This patch resolves problem in 4.4 & 4.9 PREEMPT_RT kernels that
the following WARNING happens repeatedly due to broken context
caused by running slab allocation with IRQ disabled by mistake.
WARNING: CPU: * PID: ** at */kernel/cpu.c:197 unpin_current_cpu+0x60/0x70()
The system is almost unresponsive and the boot stalls once it occurs.
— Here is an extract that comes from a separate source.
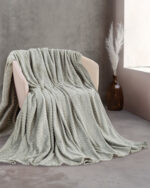 HARMONIE - ΚΟΥΒΕΡΤΑ JACQUARD FLANNEL ΓΚΡΙ ΥΠΕΡΔΙΠΛΟ (220Χ240) Rythmos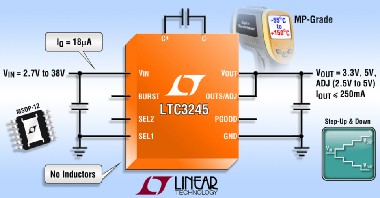 凌力爾特推出通用型250mA高電壓降壓-升壓型充電泵LTC3245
This repeated WARNING only happens while kernel is booting
(before reaches the userland) with a quite low reproducibility:
Only one time in around 1,000 ~ 10,000 reboots.
[Problem details]
On PREEMPT_RT kernels < v4.14-rt, after __slab_alloc() disables
IRQ with local_irq_save(), allocate_slab() is responsible for
re-enabling IRQ only under the specific conditions:
(1) gfpflags_allow_blocking(flags) OR
(2) system_state == SYSTEM_RUNNING
The problem happens when (1) is false AND system_state == SYSTEM_BOOTING,
caused by the following scenario:
1. Some kernel codes invokes the allocator without __GFP_DIRECT_RECLAIM
bit (i.e. blocking not allowed) while SYSTEM_BOOTING
2. allocate_slab() calls the following functions with IRQ disabled
3. buffered_rmqueue() invokes local_[spin_]lock_irqsave(pa_lock) which
might call schedule() and enable IRQ, if it failed to get pa_lock
4. The migrate_disable counter, which is not intended to be updated with
IRQs disabled, is accidentally updated after schedule() then
migrate_enable() raises WARN_ON_ONCE(p->migrate_disable <= 0)
5. The unpin_current_cpu() WARNING is raised eventually because the
refcount counter is linked to the migrate_disable counter
The behavior 2-5 above has been obsereved[1] using ftrace.
The condition (2) above intends to make the memory allocator fully
preemptible on PREEMPT_RT kernels[2], so the lock function in the
step 3 above should work if SYSTEM_RUNNING but not if SYSTEM_BOOTING.
[How this is resolved in newer RT kernels]
A patch series in the mainline (v4.13) introduces SYSTEM_SCHEDULING[3].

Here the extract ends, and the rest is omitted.